O PERSONAGEM



            O frio na barriga me domina, parece que o coração vai explodir. Minhas mãos tremem. O texto, antes “na ponta da língua” agora me foge à memória. Olho pela fresta da cortina: teatro lotado, gente chegando, gente em pé, gente por todo lado. Faltam poucos minutos para eu entrar em cena. Logo estarei ali, sozinho no palco. Meus olhos vidrados consultam o relógio. Tento me concentrar, inutilmente. Hora de entrar em cena: o coração bate mais forte! Abrem-se as cortinas!

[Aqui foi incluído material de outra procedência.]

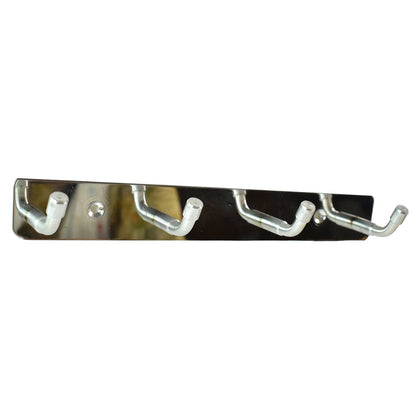Stainless Steel Wall Mounted Coat 4 Hook Rack (20x3 / 1 Pc)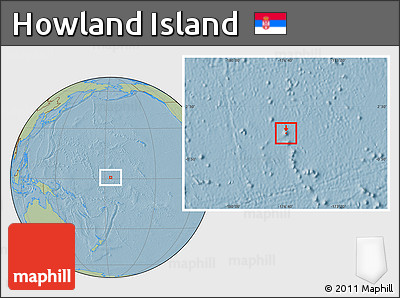 Shaded Relief Location Map of Howland Island, savanna style outside, hill shading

            Já não sou mais eu. Entro na pele do personagem como se fôssemos um só. E nessa incorporação eu represento, canto, danço, sapateio. Provoco risos, choro, viro herói, bandido, corajoso, ousado, destemido! O público delira, aplaude, quer mais! Por algumas horas, reino absoluto! Sou o centro das atenções! O personagem (esse sim!) representa tudo o que eu queria ser! Depois, quando as cortinas se fecham e acabam os momentos de glória, pergunto: quem sou eu? Estranhos me aplaudem, pagam para me ver e ouvir. Jornais e revistas estamparão nas capas o sucesso da estréia. Mas no palco da vida continuo sozinho. Ouço o barulho das vozes, as gargalhadas, o som dos aplausos! Desligo a TV e me recolho. Amanhã repriso o espetáculo e através do personagem, volto a viver!